What Abnormal Pap Test Results Mean for Your Health
Having a Pap test on a regular basis is important for women’s preventive health because it is the best way to detect precancerous conditions or any small, hidden tumors that could become cervical cancer. When the test is performed, a sample of cells are taken from the cervix or vagina to look for any changes or abnormalities. Women should begin getting a Pap test at age 21 and have a routine screening every three to five years until they are 65. Speak to your doctor to determine how often you should be tested based on your medical history.
An abnormal Pap test is often caused by types of HPV, a sexually transmitted disease that has been linked to cervical cancer. It can also be caused by other kinds of infections from yeast or bacteria, which can be treated with medication. For older women, menopause can even cause cell changes that are detected by a Pap test and are simply the result of aging.

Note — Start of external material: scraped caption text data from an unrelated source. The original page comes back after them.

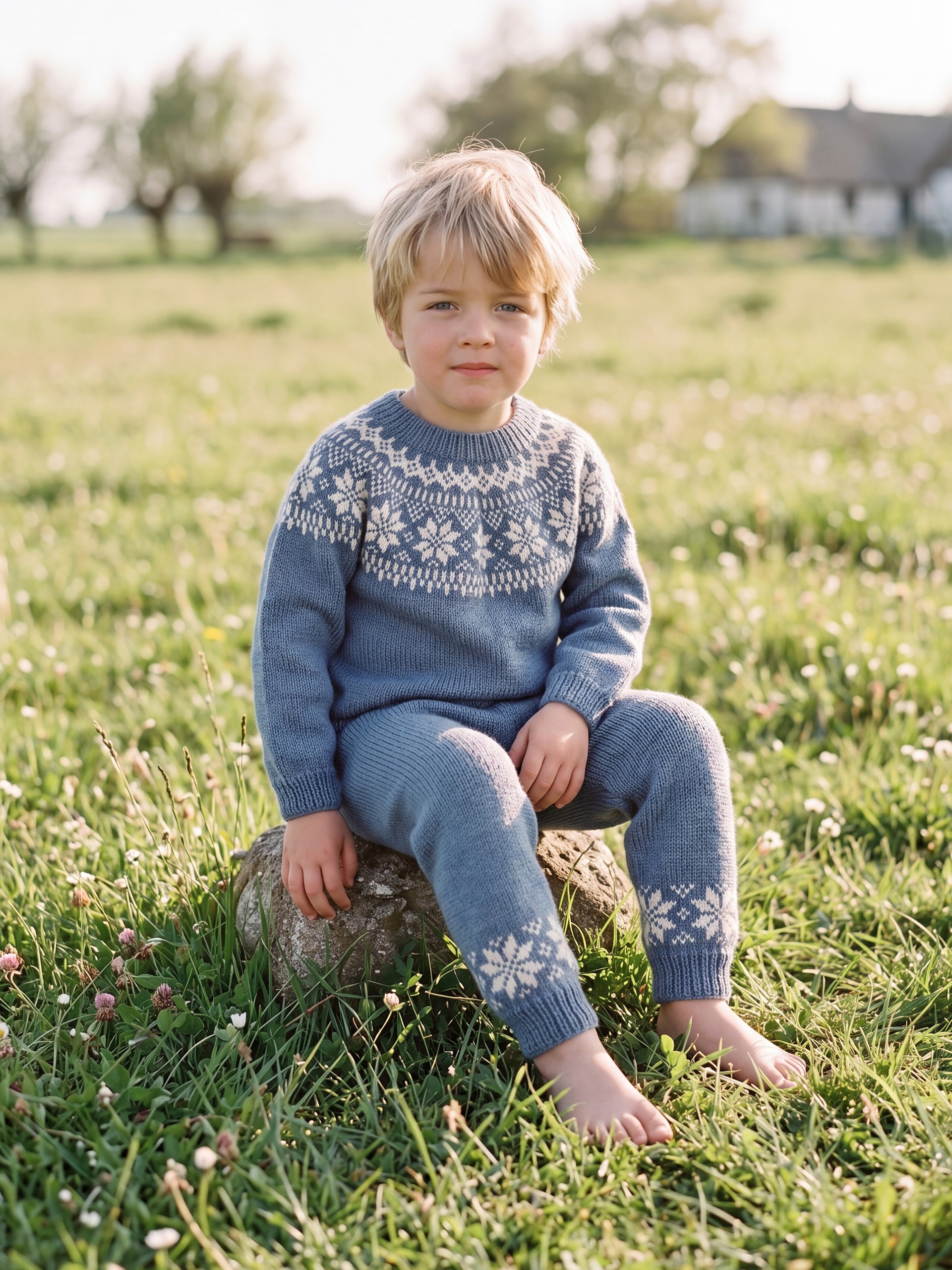 Chunky Selbu komplett paketdeal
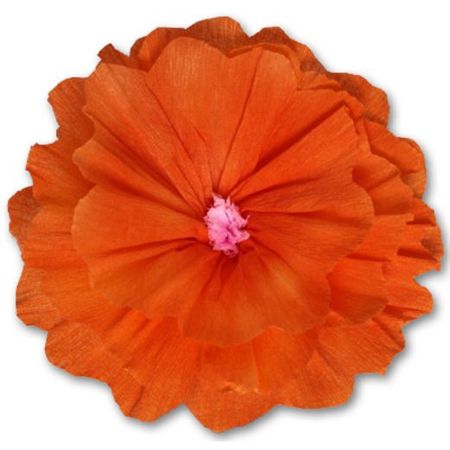 Rachel's Orange Flower | Fiesta Party Supplies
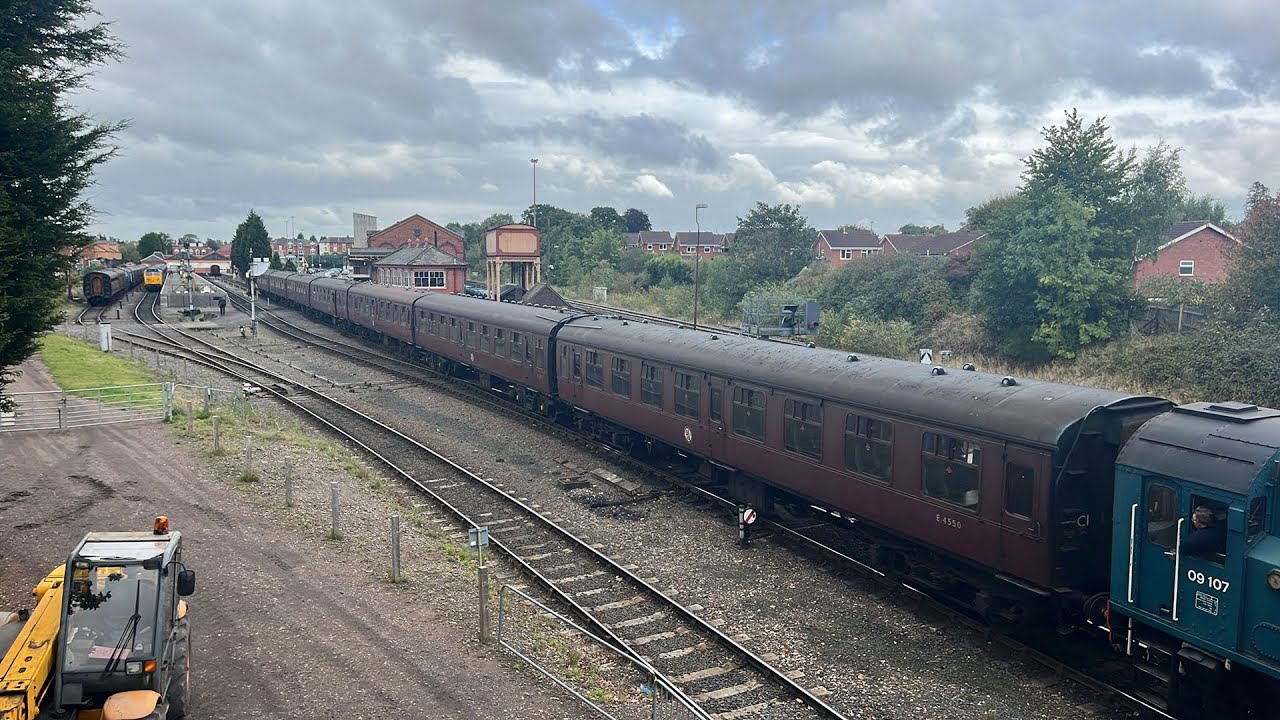 Severn Valley Railway | Live Rail Cam | #severnvalleyrailway #railway #trains #svr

If your Pap test comes back with abnormal results, you may need to have additional tests in order to determine whether you have an infection or to see how severe the changes in your cells are. There are three main options for follow-up tests:
- HPV test: similar to a Pap test, it is done on a sample of cells that are taken from the cervix
- Colposcopy: this test uses a lighted magnifying tool to look at the vagina and cervix; the doctor will also take a biopsy of the cervix
- Another Pap test in six months to one year
If your doctor chooses to recommend treatment, it will depend on the results of these follow-up tests. The cell changes will be labeled as mild, moderate, or severe. This label will help your doctor share options for the best course of action.
Your doctor can help answer any questions you may have about what to expect from a Pap test, how often you should be getting tested, and how to interpret your results.